0
votes

I'm seeing a mutate error caused by unrelated code that can either cause errors to be thrown or not based on unrelated code being run. For example,

  • I initialize data and run a block of mutate code successfully
  • I run a group_by, summarise code block that runs successfully but has warnings
  • The same original code with original data now throws a mutate error whereas it ran successfully before!
  • I run an unrelated mutate that doesn't affect the original data which runs successfully
  • I now run the mutate code a 3rd time, and the code runs successfully again now!
library(tidyverse)
library(scales)
#> 
#> Attaching package: 'scales'
#> The following object is masked from 'package:purrr':
#> 
#>     discard
#> The following object is masked from 'package:readr':
#> 
#>     col_factor

df_test <- tibble(group = c('a', 'a', 'b', 'b', 'b'), hour=parse_factor(as.character(c(1, 2, 1, 2, 1))), x = c(1,2,3, 4, 5), y=c(5, 6, 7, 8, 9))
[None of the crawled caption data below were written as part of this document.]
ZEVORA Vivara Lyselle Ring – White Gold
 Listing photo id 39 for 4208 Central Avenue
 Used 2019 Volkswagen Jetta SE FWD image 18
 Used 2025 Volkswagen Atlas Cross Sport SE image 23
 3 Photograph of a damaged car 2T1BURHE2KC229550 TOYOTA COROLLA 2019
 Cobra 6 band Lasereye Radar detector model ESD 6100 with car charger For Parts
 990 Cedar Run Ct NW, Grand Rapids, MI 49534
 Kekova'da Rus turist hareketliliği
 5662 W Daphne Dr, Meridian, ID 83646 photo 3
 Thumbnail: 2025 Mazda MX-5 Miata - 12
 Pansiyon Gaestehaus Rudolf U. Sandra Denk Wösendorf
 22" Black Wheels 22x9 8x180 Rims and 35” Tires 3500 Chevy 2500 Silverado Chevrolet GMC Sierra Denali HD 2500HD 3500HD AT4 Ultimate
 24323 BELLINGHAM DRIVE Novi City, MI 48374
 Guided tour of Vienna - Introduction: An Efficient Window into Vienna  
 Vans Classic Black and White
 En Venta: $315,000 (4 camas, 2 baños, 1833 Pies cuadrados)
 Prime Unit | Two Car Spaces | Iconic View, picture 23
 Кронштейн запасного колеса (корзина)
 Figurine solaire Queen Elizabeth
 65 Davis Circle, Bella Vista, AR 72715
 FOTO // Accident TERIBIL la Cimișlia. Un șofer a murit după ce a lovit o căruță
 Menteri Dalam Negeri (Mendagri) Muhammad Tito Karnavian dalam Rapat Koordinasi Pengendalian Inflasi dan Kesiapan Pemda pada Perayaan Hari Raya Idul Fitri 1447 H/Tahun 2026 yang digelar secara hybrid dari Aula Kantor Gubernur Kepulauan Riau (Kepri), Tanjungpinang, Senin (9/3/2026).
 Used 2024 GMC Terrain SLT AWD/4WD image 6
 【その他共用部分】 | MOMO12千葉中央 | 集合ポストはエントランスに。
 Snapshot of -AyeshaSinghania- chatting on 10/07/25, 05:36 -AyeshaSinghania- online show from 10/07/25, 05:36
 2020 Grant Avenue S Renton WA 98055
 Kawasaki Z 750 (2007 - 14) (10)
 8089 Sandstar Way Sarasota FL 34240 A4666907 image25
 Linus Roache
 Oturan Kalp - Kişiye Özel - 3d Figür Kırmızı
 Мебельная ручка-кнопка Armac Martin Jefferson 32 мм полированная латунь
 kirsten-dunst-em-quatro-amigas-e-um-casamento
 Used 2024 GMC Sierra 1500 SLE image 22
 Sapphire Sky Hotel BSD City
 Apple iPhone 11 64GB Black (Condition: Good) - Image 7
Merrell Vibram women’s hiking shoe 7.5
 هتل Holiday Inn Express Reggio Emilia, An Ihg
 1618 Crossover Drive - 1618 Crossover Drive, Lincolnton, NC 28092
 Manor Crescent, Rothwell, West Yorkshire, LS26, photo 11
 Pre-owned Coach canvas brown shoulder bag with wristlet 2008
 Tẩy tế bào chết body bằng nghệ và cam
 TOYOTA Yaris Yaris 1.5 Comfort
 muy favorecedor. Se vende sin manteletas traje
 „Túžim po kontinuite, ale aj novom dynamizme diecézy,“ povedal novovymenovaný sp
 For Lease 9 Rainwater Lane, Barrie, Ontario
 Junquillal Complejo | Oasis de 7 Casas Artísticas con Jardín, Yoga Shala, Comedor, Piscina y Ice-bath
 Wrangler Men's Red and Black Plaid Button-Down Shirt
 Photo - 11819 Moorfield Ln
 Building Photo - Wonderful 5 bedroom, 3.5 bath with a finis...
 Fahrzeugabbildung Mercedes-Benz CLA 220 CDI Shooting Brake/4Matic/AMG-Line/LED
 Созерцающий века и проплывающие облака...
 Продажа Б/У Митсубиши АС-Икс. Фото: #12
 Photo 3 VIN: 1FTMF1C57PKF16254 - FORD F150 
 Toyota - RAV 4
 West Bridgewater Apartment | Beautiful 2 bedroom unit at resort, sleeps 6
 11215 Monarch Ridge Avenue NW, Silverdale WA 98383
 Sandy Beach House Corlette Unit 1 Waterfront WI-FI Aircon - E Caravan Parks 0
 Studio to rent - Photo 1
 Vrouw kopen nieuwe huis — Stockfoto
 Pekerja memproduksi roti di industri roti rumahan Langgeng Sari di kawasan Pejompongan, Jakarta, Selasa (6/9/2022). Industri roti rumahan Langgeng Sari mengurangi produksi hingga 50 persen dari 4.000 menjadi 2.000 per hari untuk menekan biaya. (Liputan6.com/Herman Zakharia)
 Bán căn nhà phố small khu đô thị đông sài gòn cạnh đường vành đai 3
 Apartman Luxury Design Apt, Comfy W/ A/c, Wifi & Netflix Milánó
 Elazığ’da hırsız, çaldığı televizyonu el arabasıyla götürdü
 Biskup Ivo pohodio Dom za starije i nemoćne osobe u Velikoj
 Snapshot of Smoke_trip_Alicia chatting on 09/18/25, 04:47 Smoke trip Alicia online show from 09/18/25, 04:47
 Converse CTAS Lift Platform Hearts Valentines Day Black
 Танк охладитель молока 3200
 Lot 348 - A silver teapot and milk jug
return_data <- df_test %>%
  dplyr::mutate(
    hour = paste(hour, ':00'),
    across(.cols = c(x, y), scales::label_dollar())
  )

summarise_df_input <- function(.data, func, group_vars) {
  df_agg <- .data %>%
    group_by(across(all_of(group_vars))) %>%
    summarise(across(everything(), func))
  
  return(df_agg)
}

df_grouped <- df_test %>% summarise_df_input(mean, 'group')
#> Warning in mean.default(hour): argument is not numeric or logical: returning NA

#> Warning in mean.default(hour): argument is not numeric or logical: returning NA

return_data <- df_test %>%
  dplyr::mutate(
    hour = paste(hour, ':00'),
    across(.cols = c(x, y), scales::label_dollar())
  )
#> Error: Problem with `mutate()` input `..2`.
#> x subscript out of bounds
#> ℹ Input `..2` is `(function (.cols = everything(), .fns = NULL, ..., .names = NULL) ...`.

return_data <- df_test %>%
  dplyr::mutate(
    across(.cols = c(x, y), scales::label_dollar())
  )

return_data <- df_test %>%
  dplyr::mutate(
    hour = paste(hour, ':00'),
    across(.cols = c(x, y), scales::label_dollar())
  )

Created on 2021-03-05 by the reprex package (v1.0.0)

Here is a reprex of what's going on. Does anyone have any idea what's happening? This is using dplyr 1.0.5 btw.

1

1 Answers

0
votes

it is using everything, instead it should be where(is.numeric) because other than the group column, there is an 'hour' column which is factor and mean works on numeric variables

summarise_df_input <- function(.data, func, group_vars) {
  .data %>%
      group_by(across(all_of(group_vars))) %>%
       summarise(across(where(is.numeric), func), .groups = 'drop')  
  
}

-testing

df_test %>% 
    summarise_df_input(mean, 'group')
# A tibble: 2 x 3
#  group     x     y
#* <chr> <dbl> <dbl>
#1 a       1.5   5.5
#2 b       4     8 

Regarding the error in execution, it may be a bug. Changing the order of execution of across can bypass the error

return_data <- df_test %>%
    dplyr::mutate(
       across(.cols = c(x, y), scales::label_dollar()), hour = paste(hour, ':00')
  )